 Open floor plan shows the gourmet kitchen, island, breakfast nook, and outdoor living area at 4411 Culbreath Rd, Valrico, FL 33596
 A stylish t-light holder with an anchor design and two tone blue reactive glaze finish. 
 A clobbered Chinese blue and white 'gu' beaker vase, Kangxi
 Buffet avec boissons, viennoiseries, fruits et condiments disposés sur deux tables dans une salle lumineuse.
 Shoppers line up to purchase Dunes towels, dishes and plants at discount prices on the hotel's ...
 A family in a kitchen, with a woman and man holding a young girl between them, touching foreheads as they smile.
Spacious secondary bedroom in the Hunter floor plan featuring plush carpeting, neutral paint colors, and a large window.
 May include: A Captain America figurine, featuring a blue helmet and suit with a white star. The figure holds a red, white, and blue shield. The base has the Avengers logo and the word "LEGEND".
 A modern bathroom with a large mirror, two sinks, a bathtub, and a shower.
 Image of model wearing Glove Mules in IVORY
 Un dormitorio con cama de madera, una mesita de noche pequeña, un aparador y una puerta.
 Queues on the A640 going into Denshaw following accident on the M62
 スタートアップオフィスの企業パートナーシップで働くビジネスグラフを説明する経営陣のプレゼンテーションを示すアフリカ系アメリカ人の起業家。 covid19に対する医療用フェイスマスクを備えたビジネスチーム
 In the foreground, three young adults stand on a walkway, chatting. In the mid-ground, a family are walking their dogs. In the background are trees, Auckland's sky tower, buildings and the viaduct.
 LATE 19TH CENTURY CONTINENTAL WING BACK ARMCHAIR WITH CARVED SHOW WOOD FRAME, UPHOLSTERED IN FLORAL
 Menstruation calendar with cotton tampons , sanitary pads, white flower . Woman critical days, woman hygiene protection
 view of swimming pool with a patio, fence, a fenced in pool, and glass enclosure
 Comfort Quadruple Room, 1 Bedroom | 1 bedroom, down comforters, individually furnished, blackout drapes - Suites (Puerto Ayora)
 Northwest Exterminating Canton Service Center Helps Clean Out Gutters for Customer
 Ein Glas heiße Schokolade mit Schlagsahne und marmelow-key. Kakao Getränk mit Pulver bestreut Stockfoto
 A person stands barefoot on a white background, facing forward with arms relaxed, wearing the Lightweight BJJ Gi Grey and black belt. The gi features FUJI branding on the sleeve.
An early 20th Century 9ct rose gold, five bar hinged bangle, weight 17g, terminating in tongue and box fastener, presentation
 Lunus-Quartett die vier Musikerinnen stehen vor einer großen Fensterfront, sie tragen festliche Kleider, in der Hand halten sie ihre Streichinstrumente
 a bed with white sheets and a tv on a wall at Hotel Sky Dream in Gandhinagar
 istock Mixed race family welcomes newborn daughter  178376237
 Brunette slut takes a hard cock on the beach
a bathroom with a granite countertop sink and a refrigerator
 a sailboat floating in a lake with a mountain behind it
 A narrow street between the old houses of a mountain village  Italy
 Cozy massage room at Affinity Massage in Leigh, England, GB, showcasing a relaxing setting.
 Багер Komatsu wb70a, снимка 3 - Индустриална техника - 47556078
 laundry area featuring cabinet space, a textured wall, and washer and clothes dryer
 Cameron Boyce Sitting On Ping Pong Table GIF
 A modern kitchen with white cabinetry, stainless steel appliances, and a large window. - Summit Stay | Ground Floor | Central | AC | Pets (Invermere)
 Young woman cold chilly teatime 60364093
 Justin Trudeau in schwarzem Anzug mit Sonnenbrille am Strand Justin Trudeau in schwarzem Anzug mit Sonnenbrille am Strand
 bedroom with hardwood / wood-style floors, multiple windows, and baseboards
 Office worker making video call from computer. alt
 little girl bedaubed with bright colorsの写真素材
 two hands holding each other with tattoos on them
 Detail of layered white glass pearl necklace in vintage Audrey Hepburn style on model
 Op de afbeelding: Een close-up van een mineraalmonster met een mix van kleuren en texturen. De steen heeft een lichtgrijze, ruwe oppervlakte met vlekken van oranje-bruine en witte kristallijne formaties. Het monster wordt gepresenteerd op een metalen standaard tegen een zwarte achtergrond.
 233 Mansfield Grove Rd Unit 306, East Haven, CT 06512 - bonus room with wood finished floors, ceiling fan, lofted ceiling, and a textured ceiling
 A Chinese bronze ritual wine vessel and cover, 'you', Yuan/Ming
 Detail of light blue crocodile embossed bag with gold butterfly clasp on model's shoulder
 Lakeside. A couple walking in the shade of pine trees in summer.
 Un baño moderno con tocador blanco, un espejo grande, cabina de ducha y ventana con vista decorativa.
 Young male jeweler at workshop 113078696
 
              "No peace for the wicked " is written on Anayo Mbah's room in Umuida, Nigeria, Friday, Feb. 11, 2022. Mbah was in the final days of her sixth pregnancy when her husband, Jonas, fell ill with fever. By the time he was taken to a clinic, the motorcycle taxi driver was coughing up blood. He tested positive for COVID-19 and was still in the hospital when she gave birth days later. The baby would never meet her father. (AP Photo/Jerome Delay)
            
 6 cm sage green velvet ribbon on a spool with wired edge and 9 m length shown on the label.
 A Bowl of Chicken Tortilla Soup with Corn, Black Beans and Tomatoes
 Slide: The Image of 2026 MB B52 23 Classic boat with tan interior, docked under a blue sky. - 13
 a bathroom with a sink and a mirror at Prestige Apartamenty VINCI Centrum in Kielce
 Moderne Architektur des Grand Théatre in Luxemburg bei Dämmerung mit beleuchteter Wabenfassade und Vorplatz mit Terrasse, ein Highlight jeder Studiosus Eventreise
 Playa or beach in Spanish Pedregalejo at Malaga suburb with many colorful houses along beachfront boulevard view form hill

--- What is needed ---
Using the entries above, quote each line verbatim from the first through the line that contains "LATE 19TH CENTURY".

--- Output of the exercise ---
 Open floor plan shows the gourmet kitchen, island, breakfast nook, and outdoor living area at 4411 Culbreath Rd, Valrico, FL 33596
 A stylish t-light holder with an anchor design and two tone blue reactive glaze finish. 
 A clobbered Chinese blue and white 'gu' beaker vase, Kangxi
 Buffet avec boissons, viennoiseries, fruits et condiments disposés sur deux tables dans une salle lumineuse.
 Shoppers line up to purchase Dunes towels, dishes and plants at discount prices on the hotel's ...
 A family in a kitchen, with a woman and man holding a young girl between them, touching foreheads as they smile.
Spacious secondary bedroom in the Hunter floor plan featuring plush carpeting, neutral paint colors, and a large window.
 May include: A Captain America figurine, featuring a blue helmet and suit with a white star. The figure holds a red, white, and blue shield. The base has the Avengers logo and the word "LEGEND".
 A modern bathroom with a large mirror, two sinks, a bathtub, and a shower.
 Image of model wearing Glove Mules in IVORY
 Un dormitorio con cama de madera, una mesita de noche pequeña, un aparador y una puerta.
 Queues on the A640 going into Denshaw following accident on the M62
 スタートアップオフィスの企業パートナーシップで働くビジネスグラフを説明する経営陣のプレゼンテーションを示すアフリカ系アメリカ人の起業家。 covid19に対する医療用フェイスマスクを備えたビジネスチーム
 In the foreground, three young adults stand on a walkway, chatting. In the mid-ground, a family are walking their dogs. In the background are trees, Auckland's sky tower, buildings and the viaduct.
 LATE 19TH CENTURY CONTINENTAL WING BACK ARMCHAIR WITH CARVED SHOW WOOD FRAME, UPHOLSTERED IN FLORAL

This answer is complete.